1. Justice is the divine correction for injustice. 2Injustice is the basis for all the judgments of the world. 3Justice corrects the interpretations to which injustice gives rise, and cancels them out. 4Neither justice nor injustice exists in Heaven, for error is impossible and correction meaningless. 5In this world, however, forgiveness depends on justice, since all attack can only be unjust. 6Justice is the Holy Spirit’s verdict upon the world. 7Except in His judgment justice is impossible, for no one in the world is capable of making only just interpretations and laying all injustices aside. 8If God’s Son were fairly judged, there would be no need for salvation. 9The thought of separation would have been forever inconceivable.

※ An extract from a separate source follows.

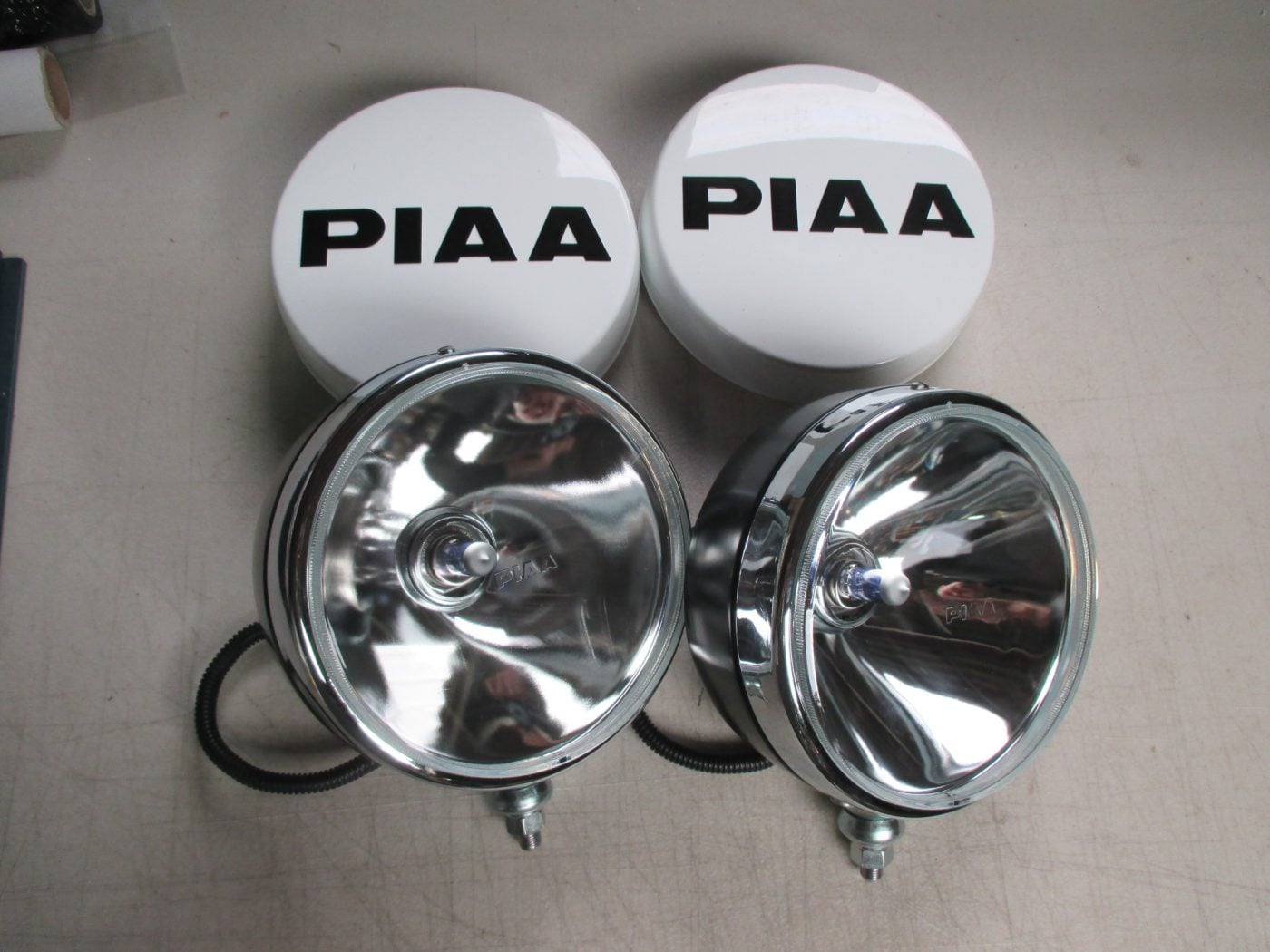 PIAA 80 SERIES,SPOT/LONG RANGE PATTERN, AUXILIARY  LAMPS,LIGHTS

2. Justice, like its opposite, is an interpretation. 2It is, however, the one interpretation that leads to truth. 3This becomes possible because, while it is not true in itself, justice includes nothing that opposes truth. 4There is no inherent conflict between justice and truth; one is but the first small step in the direction of the other. 5The path becomes quite different as one goes along. 6Nor could all the magnificence, the grandeur of the scene and the enormous opening vistas that rise to meet one as the journey continues, be foretold from the outset. 7Yet even these, whose splendor reaches indescribable heights as one proceeds, fall short indeed of all that wait when the pathway ceases and time ends with it. 8But somewhere one must start. 9Justice is the beginning.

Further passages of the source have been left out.